3. On January 20, 2021, the plaintiff filed another application by way of notice of motion dated January 19, 2021 seeking among others, a temporary injunction restraining the defendants and their appointed auctioneer, Intime Auctioneers from carrying out the auction that was scheduled to take place on January 26, 2021 of the household goods that were attached and removed from the plaintiff’s director’s House No 7 situated on LR No 209/18298 IR 109923(“the suit property”) pending the hearing and determination of the suit and that the said goods be returned to the said house pending the hearing of the application inter-partes.

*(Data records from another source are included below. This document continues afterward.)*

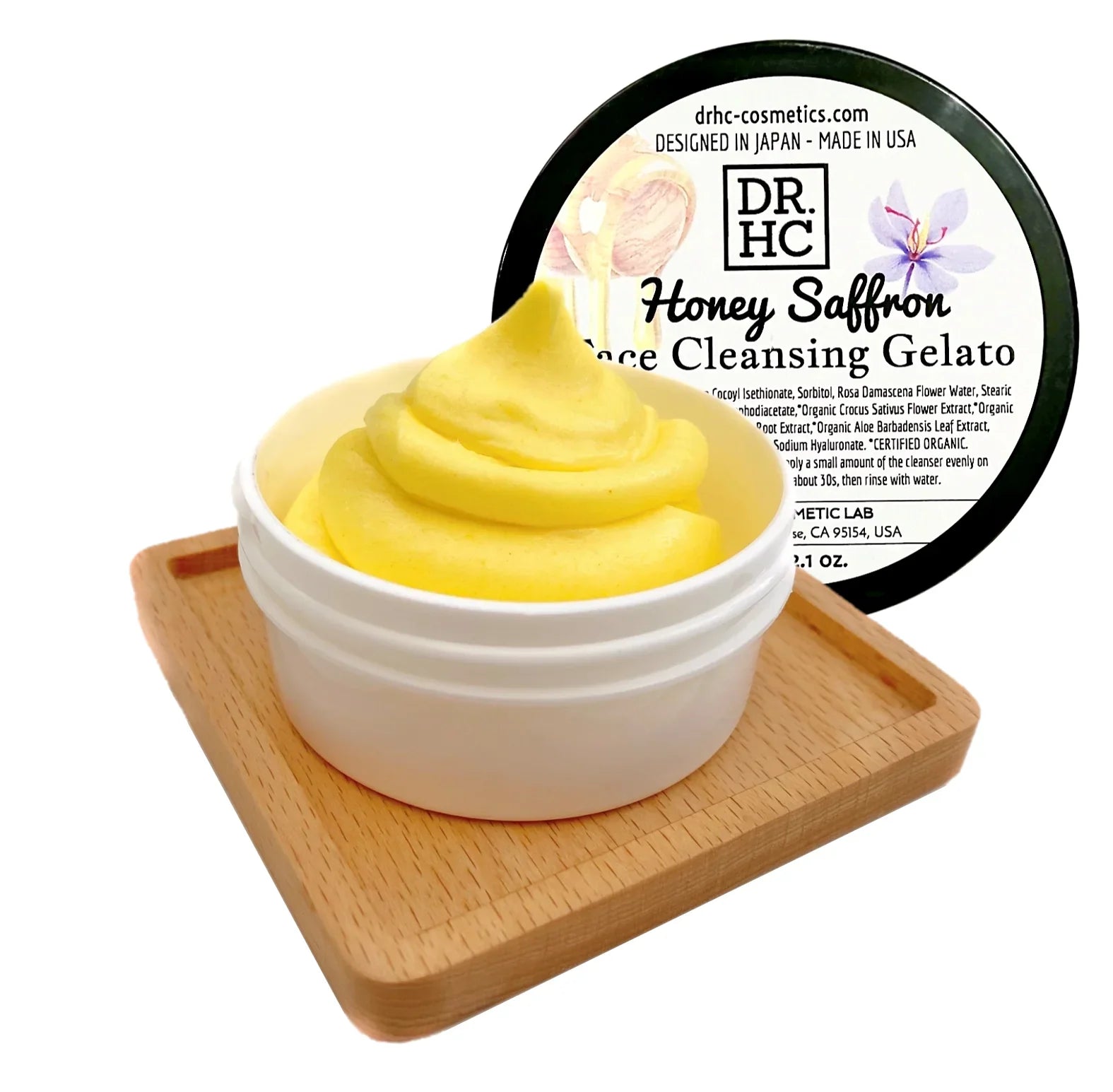 Honey Saffron Face Cleansing Gelato cream cleanser jar for sensitive and blemish-prone skin — view 5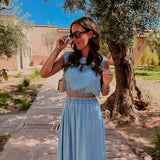 PRE-ORDER LAYALI LIGHT BLUE DENIM TWO-PIECE SET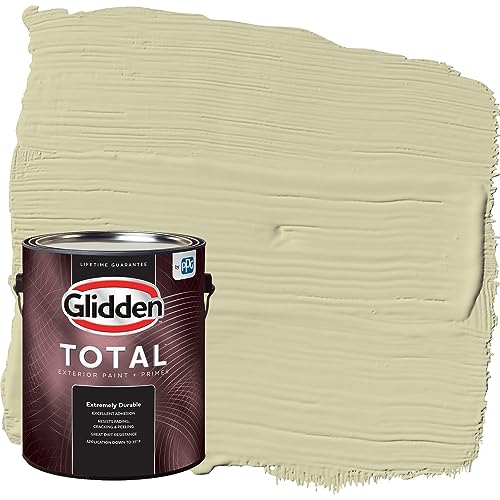 Glidden Total Exterior Paint & Primer All-in-One, Canary Grass/Green, Semi-Gloss, 1 Gallon - color: Canary Grass, size: 128 Fl Oz (Pack of 1)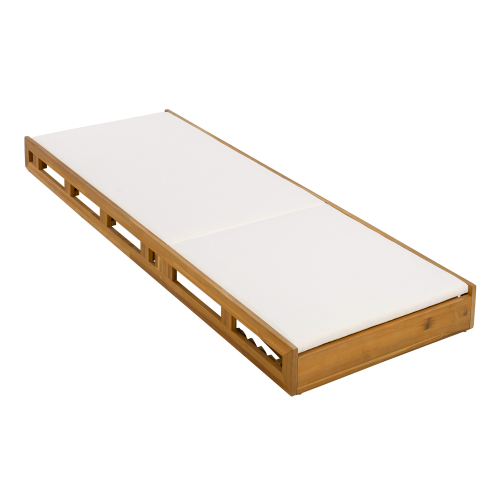 LOUNGE CHAISE SET, ACACIA WOOD WITH WATER-RESISTANT LOUNGE CUSHIONS (CREAM & 4 INCH THICK) - MATCHING DARK GREY VERSION AVAILABLE、、eastwooduniform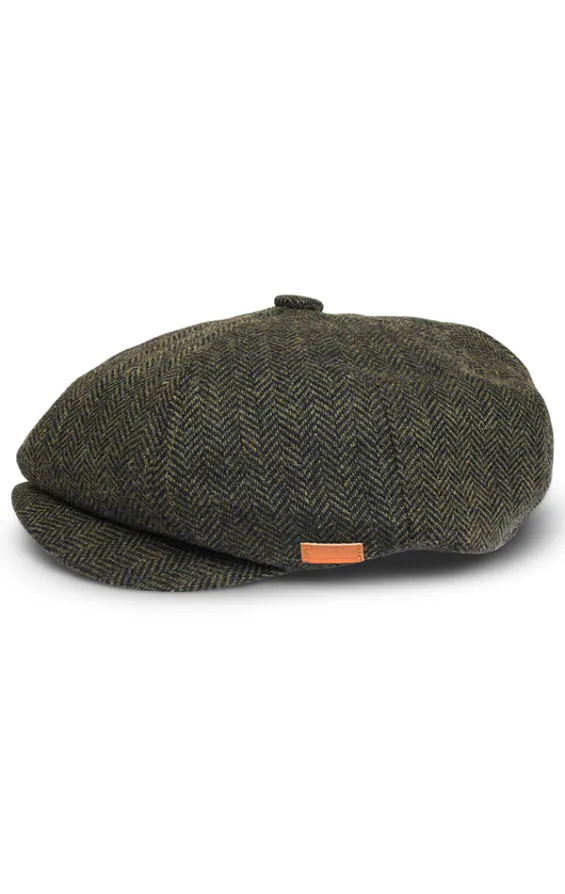 Olivgrün Fischgrätenmuster Baker Boy Tweed Mütze - photo 2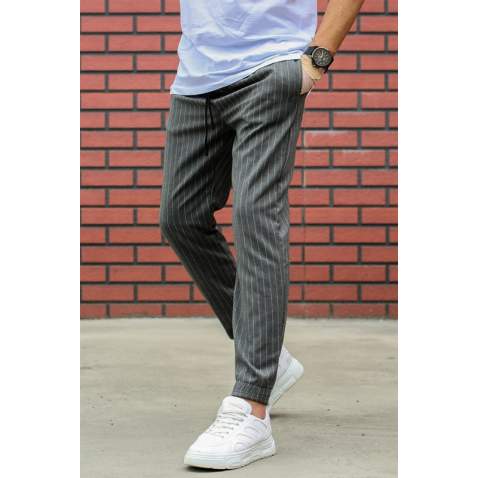 Madmext Dark Grey Striped Trouser Mad4084 - Antrasit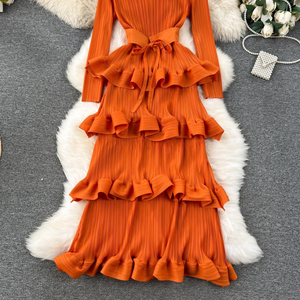 Abito Lungo da Sera <span class=keywords><strong>con</strong></span> Volant e Maniche Lunghe, Tessuto Solido, Vendita Calda del Produttore - Product Image 2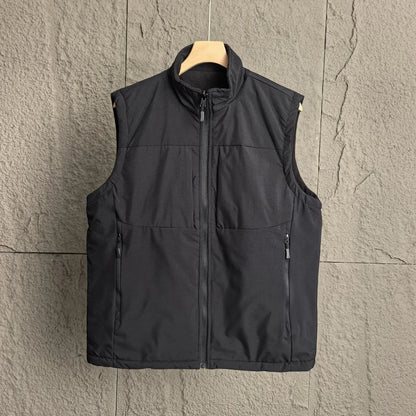 Men's winter vest, stand-up collar, quilted, zip-up, sleeveless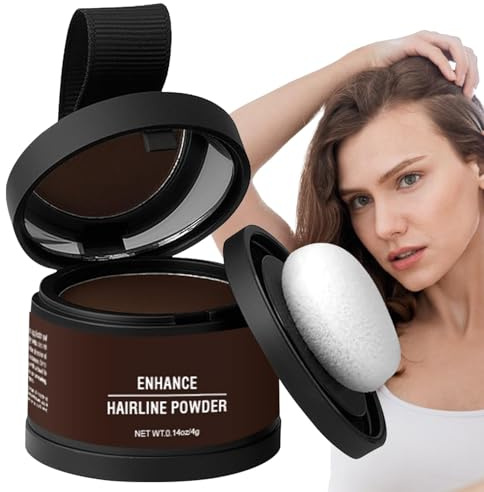 Hairline Root Touch-up Powder - Up Hair Color for Gray with Applicator (Dark Brown)
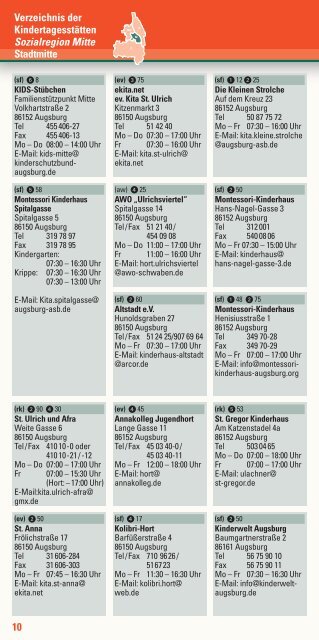 Flyer 01/2013 - Kinderbetreuung in Augsburg - Stadt Augsburg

4. The plaintiff’s notice of motion application dated January 19, 2021 came up for directions ex-parte on January 25, 2021 when the court directed that the same be served for mention on February 8, 2021 for directions on the hearing thereof. The court granted a temporary order until February 8, 2021 restraining the defendants and their auctioneers from auctioning or selling the goods that they had removed from the suit property.
5. On February 8, 2021, only the 1st defendant’s advocate attended court. The said advocate informed the court that he was not aware of the plaintiff’s application dated January 19, 2021. In the circumstances, the court did not give any directions on the said application and the interim orders that were granted on January 25, 2021 to last until that day lapsed.

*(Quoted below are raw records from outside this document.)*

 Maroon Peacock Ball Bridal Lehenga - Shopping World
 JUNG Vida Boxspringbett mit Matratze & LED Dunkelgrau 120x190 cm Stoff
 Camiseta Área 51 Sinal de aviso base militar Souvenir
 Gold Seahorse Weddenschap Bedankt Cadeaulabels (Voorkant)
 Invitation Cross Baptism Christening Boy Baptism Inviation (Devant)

6. On February 9, 2021, the plaintiff brought another application by way of notice of motion dated February 8, 2021 seeking among others a temporary injunction restraining the defendants and their appointed auctioneer, Intime Auctioneers from carrying out the auction that was scheduled to take place on February 10, 2021 of the household goods that were attached and removed from the suit property pending the hearing and determination of the suit and the setting aside of the order dismissing the plaintiff’s earlier notice of motion dated January 19, 2021. The application came up for directions on February 9, 2021 when the court directed that it be served for mention on February 22, 2021 for directions. In the meantime, the court issued an order restraining the defendants and Intime Auctioneers from carrying out the auction that was scheduled to take place on February 10, 2021.
7. When the notice of motion application dated February 8, 2021 came up for directions on February 22, 2021, the plaintiff’s advocate told the court that the application had been overtaken by events since the defendants had defied the court order made on February 9, 2021 and proceeded with the auction of the attached goods.

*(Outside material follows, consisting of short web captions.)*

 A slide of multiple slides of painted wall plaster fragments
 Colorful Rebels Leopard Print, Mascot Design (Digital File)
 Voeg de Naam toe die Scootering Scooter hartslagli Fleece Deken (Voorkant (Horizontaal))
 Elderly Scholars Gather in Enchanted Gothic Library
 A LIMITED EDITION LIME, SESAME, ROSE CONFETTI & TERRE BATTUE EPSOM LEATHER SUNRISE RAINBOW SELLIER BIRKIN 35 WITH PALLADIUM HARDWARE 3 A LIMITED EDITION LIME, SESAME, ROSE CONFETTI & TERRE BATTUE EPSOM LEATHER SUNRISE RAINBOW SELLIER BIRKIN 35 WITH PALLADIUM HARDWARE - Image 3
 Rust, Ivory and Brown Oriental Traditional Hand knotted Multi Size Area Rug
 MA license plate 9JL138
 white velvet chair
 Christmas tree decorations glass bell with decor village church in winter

8. What is now before me is a notice of motion application dated April 19, 2021 brought by the plaintiff seeking an order that the auctioneer trading as Intime Auctioneers and Jimmy Sausi advocate be cited for contempt of the orders made by the court on January 25, 2021 and February 9, 2021 and be committed to jail for six (6) months and ordered to pay “a hefty” fine. The plaintiff sought a further order that the court be pleased to grant any other or further orders for the purpose of protecting the dignity and authority of the court and finally, that the costs of the application be borne by the alleged contemnors. The application was brought on the grounds set out on the face thereof and on the supporting affidavit sworn by the plaintiff’s advocate Isaac Rene on April 19, 2021.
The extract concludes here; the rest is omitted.